Ook de matrozen hadden het nog niet ver gebracht in den overgang
naar het tegenwoordige; zij roeiden als waren het kerels van Coen
geweest. Het is dan ook een aanmoedigend gezicht, zoo snel als
het beeld van het schip kleiner wordt. Zegt er een : ,,Ik kan de
bramra nog zien", dan kan men bemerken, dat er nog wat harder
getrokken wordt; ook die bramra moet onder de kim. Maar dat lukt
eerst, wanneer de wijde watervlakte achter den rug is en wij, na
bijna twee uren roeien, in de riviermonding komen.
Dan kan men goed zien, hoe snel het gaat, hoe gretig de rivier
zeewater slurpt. Fraai is hier het Indische landschap niet;
overal egale randen van bakau-boomen, vrijwel mensch noch dier te
zien, het water een effen, vuilgeel sap met vermalen bladeren,
bast en takken; soms een verdacht stuk hout, dat wordt nagekeken,
of het bijgeval de kop van een kaaiman is. Nu en dan tijdelijk
naar zijn oorsprong terugkoersende boomstam of verzameling nipahstronken,
,,drijvende eilanden", waarvan in zee de zeeroovers partij trekken om de
prauw er aan vast te klampen en aldus zich onzichtbaar te maken,
wanneer zij den rook zien naderen van een stoomschip, dat
misschien op hen uit is, en dat zij, ongedekt, allicht niet meer zouden ontloopen.
Maar dat gevaar liepen zij eigenlijk alleen bij het krieken van
den dag. Want van de oorlogsschepen was de rook — van
Koetei- of Poeloe Laut-kolen — voor hen gewoonlijk welkom
ver te zien. Bij de veel voorkomende windstilten steeg, wat er
van het uitbraaksel van den schoorsteen niet als gloeiende
roetklonten op de zonnetent viel, om daarin gaten te branden, als
een inktzwarte zuil ten hemel, twintig zeemijlen ver zichtbaar.

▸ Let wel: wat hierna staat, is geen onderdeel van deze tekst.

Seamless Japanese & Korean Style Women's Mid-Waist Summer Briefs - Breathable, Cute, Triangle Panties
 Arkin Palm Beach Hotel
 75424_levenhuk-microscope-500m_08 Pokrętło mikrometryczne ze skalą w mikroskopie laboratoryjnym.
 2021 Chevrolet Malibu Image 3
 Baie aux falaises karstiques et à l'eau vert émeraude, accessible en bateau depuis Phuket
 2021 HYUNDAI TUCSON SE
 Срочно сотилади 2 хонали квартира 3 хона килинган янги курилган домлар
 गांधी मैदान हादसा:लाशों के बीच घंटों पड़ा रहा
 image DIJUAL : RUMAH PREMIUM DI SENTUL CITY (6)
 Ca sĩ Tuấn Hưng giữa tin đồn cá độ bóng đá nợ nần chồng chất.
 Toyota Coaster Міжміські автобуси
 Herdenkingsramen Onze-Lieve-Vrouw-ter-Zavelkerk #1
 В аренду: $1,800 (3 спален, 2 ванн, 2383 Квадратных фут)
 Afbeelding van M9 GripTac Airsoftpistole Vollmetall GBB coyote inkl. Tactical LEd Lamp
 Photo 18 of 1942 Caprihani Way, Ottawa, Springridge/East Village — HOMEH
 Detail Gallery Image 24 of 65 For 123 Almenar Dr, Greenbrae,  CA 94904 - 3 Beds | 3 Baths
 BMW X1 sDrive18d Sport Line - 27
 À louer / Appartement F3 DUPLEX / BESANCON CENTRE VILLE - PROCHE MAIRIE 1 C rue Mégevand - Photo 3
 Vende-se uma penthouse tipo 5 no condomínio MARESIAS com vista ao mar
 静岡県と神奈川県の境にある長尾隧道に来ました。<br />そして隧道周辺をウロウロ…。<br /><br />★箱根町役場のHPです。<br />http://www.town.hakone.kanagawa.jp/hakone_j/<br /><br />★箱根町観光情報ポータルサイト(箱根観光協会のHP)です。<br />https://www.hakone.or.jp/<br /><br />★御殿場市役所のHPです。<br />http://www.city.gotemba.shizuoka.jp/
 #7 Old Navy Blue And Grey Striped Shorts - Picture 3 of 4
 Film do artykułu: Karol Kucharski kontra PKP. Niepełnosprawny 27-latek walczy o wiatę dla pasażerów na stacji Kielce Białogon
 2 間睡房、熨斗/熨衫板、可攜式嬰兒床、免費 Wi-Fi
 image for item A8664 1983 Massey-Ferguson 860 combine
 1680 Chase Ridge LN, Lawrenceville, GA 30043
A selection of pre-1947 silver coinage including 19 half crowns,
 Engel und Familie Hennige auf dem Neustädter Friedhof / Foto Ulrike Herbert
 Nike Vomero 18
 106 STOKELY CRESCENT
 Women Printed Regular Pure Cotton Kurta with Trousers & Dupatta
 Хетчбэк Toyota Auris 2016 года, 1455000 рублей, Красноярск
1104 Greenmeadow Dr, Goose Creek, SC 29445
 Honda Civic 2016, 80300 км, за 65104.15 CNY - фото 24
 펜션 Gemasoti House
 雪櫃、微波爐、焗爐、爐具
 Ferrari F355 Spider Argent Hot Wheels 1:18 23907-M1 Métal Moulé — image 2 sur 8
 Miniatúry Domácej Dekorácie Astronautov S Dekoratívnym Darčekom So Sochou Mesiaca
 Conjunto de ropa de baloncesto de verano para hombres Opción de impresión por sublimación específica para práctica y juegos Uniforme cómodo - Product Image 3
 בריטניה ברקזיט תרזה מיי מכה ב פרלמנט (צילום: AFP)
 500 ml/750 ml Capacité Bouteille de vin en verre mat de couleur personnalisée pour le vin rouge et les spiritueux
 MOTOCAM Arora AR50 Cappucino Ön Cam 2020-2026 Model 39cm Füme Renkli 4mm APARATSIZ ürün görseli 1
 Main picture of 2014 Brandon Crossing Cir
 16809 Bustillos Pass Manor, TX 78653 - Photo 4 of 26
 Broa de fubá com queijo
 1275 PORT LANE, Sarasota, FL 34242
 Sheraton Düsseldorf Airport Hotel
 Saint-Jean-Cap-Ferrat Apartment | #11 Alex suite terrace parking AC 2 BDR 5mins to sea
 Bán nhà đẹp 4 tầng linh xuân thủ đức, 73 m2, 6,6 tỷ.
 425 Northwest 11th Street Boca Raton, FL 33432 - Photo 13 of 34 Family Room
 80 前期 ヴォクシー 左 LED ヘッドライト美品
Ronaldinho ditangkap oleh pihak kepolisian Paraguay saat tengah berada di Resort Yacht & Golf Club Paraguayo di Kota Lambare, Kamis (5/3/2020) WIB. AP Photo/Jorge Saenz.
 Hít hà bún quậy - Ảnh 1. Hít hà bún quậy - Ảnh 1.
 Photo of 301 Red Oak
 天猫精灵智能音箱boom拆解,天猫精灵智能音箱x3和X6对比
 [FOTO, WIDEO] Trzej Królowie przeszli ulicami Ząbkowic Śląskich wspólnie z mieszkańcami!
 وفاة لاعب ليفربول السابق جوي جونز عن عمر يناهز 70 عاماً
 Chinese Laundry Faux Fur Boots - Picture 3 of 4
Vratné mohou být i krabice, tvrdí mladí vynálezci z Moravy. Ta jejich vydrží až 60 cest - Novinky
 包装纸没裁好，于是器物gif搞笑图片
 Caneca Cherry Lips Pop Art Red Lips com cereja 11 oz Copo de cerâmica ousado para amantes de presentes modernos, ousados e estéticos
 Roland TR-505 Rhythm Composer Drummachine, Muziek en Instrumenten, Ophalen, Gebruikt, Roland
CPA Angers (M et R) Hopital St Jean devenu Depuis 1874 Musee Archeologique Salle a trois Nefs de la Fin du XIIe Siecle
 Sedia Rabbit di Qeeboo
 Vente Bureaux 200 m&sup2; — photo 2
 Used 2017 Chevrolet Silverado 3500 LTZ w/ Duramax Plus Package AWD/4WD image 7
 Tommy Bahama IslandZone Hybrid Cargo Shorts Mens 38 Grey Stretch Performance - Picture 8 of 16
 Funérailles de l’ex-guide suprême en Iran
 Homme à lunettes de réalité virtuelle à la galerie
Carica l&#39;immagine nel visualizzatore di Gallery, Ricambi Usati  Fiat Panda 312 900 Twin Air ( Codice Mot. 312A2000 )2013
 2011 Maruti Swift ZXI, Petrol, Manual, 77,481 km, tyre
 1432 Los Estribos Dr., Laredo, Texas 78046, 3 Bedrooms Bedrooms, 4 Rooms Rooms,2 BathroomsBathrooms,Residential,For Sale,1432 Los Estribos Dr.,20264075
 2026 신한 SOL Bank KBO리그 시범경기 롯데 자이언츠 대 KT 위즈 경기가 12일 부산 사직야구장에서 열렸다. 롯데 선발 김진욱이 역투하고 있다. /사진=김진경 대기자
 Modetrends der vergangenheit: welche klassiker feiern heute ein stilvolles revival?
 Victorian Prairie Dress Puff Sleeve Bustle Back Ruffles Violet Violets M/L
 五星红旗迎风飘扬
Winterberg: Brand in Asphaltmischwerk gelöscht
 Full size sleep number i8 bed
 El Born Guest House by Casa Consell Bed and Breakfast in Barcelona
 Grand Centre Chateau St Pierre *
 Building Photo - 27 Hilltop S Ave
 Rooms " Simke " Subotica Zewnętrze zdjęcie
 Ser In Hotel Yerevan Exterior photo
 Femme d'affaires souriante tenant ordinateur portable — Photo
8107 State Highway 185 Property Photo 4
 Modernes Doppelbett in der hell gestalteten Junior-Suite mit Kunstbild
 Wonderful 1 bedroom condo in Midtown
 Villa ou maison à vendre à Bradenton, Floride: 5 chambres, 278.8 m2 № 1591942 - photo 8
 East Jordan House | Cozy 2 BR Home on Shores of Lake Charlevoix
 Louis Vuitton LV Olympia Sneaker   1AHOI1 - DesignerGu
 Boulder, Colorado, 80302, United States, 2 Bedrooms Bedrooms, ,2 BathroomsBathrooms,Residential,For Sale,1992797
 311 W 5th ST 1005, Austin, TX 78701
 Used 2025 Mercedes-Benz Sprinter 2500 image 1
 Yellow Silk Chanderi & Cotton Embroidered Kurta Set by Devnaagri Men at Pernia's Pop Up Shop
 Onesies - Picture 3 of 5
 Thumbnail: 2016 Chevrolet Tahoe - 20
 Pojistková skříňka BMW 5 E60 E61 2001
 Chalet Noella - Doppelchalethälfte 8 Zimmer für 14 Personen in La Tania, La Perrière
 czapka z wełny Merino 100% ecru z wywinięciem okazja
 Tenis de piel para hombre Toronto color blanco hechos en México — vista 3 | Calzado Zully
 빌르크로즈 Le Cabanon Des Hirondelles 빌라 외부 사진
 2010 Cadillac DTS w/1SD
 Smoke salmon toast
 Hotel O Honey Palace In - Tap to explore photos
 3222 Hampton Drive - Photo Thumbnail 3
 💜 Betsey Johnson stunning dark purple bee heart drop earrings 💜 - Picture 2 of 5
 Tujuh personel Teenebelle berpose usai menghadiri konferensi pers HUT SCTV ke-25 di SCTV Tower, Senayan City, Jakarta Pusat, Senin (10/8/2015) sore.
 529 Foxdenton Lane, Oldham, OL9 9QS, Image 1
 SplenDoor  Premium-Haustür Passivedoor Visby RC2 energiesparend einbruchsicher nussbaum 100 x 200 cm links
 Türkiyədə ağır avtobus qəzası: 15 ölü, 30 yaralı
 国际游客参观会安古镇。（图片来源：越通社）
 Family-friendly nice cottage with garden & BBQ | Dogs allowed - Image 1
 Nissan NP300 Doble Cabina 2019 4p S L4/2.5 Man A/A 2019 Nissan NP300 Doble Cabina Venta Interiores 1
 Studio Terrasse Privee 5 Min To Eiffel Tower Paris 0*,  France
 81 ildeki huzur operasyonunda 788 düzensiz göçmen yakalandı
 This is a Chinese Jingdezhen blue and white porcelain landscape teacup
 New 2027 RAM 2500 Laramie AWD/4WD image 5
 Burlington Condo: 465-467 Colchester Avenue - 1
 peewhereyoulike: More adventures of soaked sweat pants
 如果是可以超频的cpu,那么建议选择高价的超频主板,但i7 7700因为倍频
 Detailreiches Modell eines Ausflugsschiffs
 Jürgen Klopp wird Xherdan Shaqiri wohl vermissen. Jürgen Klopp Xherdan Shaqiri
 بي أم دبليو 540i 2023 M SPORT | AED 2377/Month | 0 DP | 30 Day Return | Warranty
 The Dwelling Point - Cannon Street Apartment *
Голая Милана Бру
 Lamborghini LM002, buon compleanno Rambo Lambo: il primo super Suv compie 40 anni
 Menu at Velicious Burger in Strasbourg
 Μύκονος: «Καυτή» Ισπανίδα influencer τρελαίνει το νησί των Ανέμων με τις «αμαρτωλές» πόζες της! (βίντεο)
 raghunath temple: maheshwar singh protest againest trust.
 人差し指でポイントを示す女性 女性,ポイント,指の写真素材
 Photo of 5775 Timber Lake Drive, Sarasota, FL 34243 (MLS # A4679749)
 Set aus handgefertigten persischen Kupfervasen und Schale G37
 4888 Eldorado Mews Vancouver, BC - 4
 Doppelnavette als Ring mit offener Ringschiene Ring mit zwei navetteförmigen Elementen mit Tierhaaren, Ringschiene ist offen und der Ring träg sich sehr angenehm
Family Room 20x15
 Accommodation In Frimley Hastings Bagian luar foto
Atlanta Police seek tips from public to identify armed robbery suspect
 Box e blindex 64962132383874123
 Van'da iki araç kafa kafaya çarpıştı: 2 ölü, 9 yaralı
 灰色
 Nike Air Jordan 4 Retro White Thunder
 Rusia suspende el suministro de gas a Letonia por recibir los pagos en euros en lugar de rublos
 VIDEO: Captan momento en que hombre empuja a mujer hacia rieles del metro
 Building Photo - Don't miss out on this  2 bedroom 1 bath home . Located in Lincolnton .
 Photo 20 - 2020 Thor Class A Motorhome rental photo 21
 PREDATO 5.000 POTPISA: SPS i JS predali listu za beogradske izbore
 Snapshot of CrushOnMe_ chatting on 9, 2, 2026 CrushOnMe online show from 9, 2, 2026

Omstreeks tien uur. Wij hebben nu zestien zeemijlen achter den
rug, en nu gaat het, met een scherpen bocht naar bakboord, de
,,Elleboog" tegemoet, de eenige zeemijlen lange dubbele winding
van 75 m breedte, waarin de schepen met gebraste raas varen om,
vóór den stroom de diepe buitenbocht volgende, niet
door de boomtakken te worden gevangen bij dien circusren, die hen
bijna den wal op centrifugeert, een schouwspel, waarnaar de apen
eerst verbijsterd zitten te staroogen, om vervolgens, wanneer het
rookend monster nabij komt, zich snel het bosch in te gymnastiseeren.
Het is half elf, als we in het nauwste gedeelte zijn, en de
stroom, die in het deel, dat achter ons ligt, wel reeds geminderd
zal zijn, doet hier nog goed mede. Dicht als wij gaan langs de
boomwortels, vliegt ons de wal voorbij. En die hard gaat, wil
harder gaan; de roeiers trekken als waren ze pas begonnen, ook de
slagroeiers, de nu vier uren aan één stuk geen
riemslag oversloegen, dan een enkele maal een paar om even een slokje lauw water te drinken.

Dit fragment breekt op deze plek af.